Moscow to open Russia's airspace for flights bypassing Belarus
Russian authorities decided not to continue the air war with the EU after European airlines began to fly around Belarus in response to the forced landing of a Ryanair flight in Minsk.
On Thursday evening, Russian Federal Air Transport Agency, Rosaviation, convened for an emergency meeting to discuss how to deal with European flights requesting permission to enter the Russian airspace.
A Vienna-Moscow Austrian Airlines flight and a Paris-Moscow Air France flight were denied entry into the Russian airspace after the airlines changed their itineraries and requested new routes.
"The Russian side will give permissions for European flights using alternative routes", a source close to the Russian Ministry of Transport told RBC news agency. According to him, one of the cancelled flights from Vienna to Moscow has already received a go-ahead.
Rosaviation, meanwhile, issued an official notice warning the European carriers not wait for a quick fix for the situation.
"When changing previously approved routes from/to European destinations in/through Russian airspace, we should take into account the possible increase in the time it will take to implement procedures for obtaining permission to fly and transit Russian airspace," Interfax quoted Rosaviation's statement.
According to Rosaviation, the delays in issuing permits are due to “an increase in the total number of requests from airlines."
The same explanation was repeated at a Friday briefing by Russian presidential spokesman Dmitry Peskov. "When airlines flying around Belarus are asking for a permission to fly to different, uncoordinated points, there are technical problems," he said, adding that glitches in this case are "inevitable."

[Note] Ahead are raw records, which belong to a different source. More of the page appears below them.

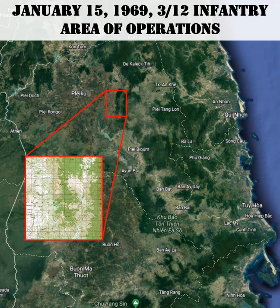Today I'd like to talk about January 15th of 1969 and what the battalion was up to. We'll see where the individual elements were located and what their primary mission was for the day. But before we do that I'll give you a little bit of a back story on the 3rd of the 12th.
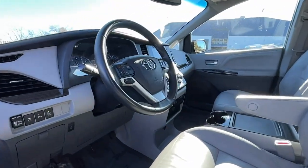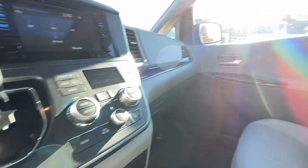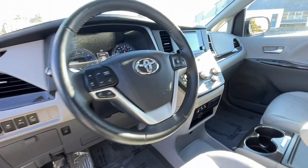All-wheel drive, sun and moonroof, power liftgate, backup camera, power passenger seat, satellite radio, heated mirrors, fog lamps, premium sound system, and woodgrain interior trim.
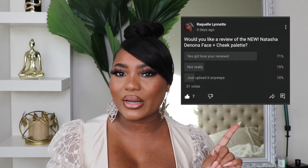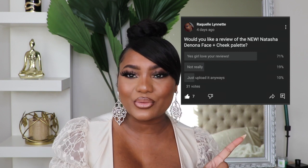Welcome and welcome back to my channel. My name is Raquel Annette. If this is your first time, welcome in, and for the rest of Kel's crew, welcome back. I took your advice on a recent poll and most of you said you wanted to see a tutorial on the brand new Natasha Denona face and cheek palette. If you're interested in seeing how I created this gorgeous glam look, all the pricing and specs on this palette, let's dive right in.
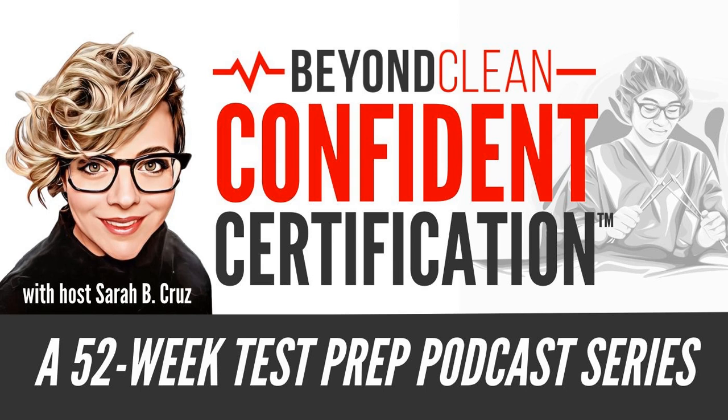And now, your host, Sarah B. Cruz. Hello and welcome. You're listening to Confidence Certification, a 52-week test prep podcast series to equip you to take your sterile processing career to the next level. I'm your host, Sarah B. Cruz, and on this episode we are going to be talking about practice tests.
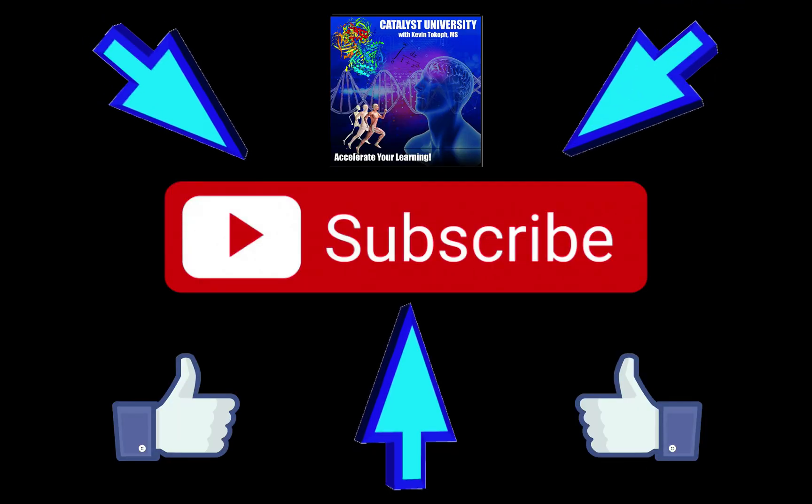Welcome back to Catalyst University. My name is Kevin Tokoth. Please make sure to like this video and subscribe to my channel for future videos and notifications.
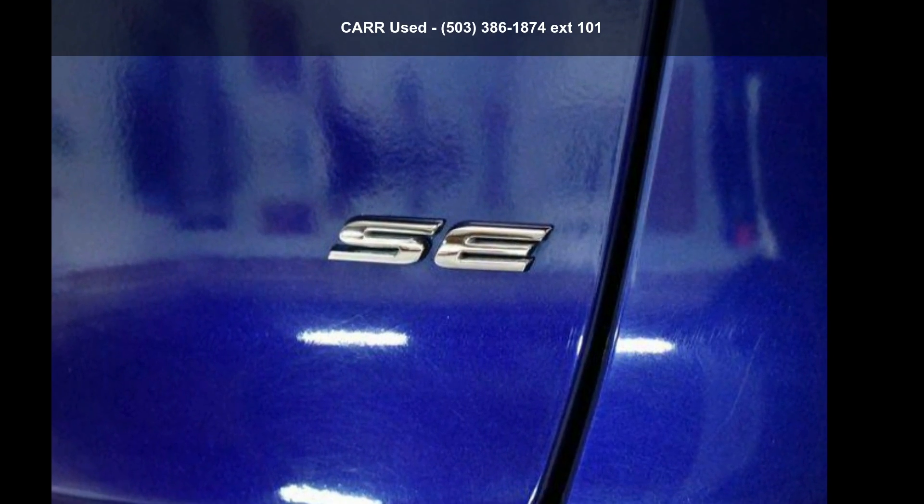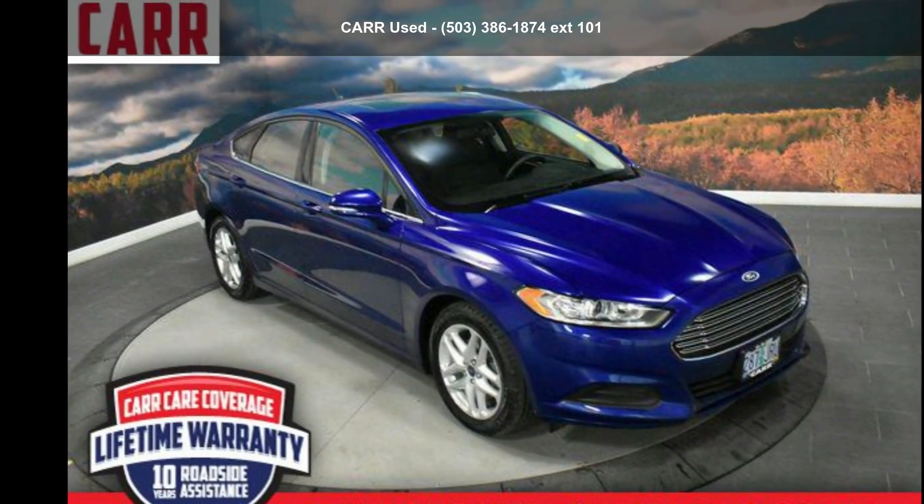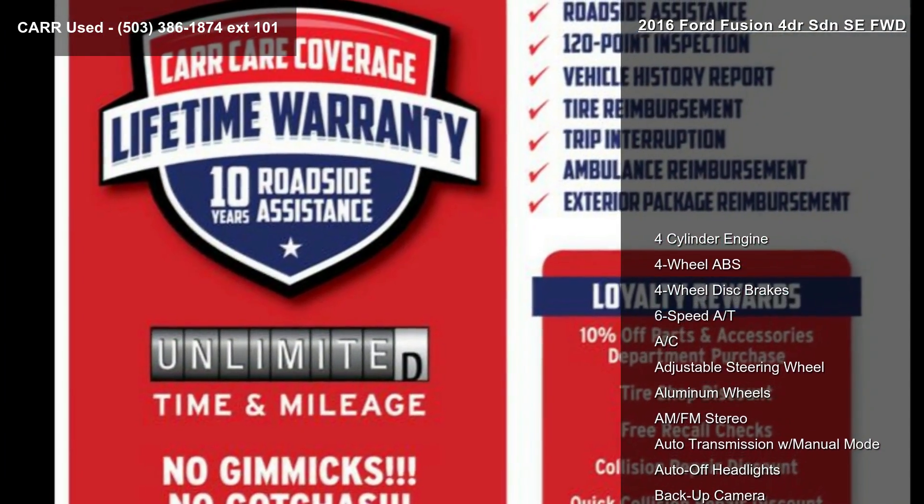Check out this Ford 2016 Fusion 4-door SDN SE FWD. If you are looking for an automobile with great features, look no further.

Sources of The Bell news agency in the airline industry do not believe in the Kremlin’s official version. Under normal conditions obtaining a permission for a new route is never delayed by even a day, says one of them.
Restrictions on entry into Russian airspace are a political decision, the source of the newspaper believes.
One of the interlocutors pointed out to another cancellation, Aeroflot flight to Vilnius, scheduled for June 28. The route of the flight always passed over the territory of Belarus. On May 24, Lithuania announced that it would not accept planes crossing Belarusian airspace. Aeroflot did not change its route, but instead cancelled the flight, The Bell reports.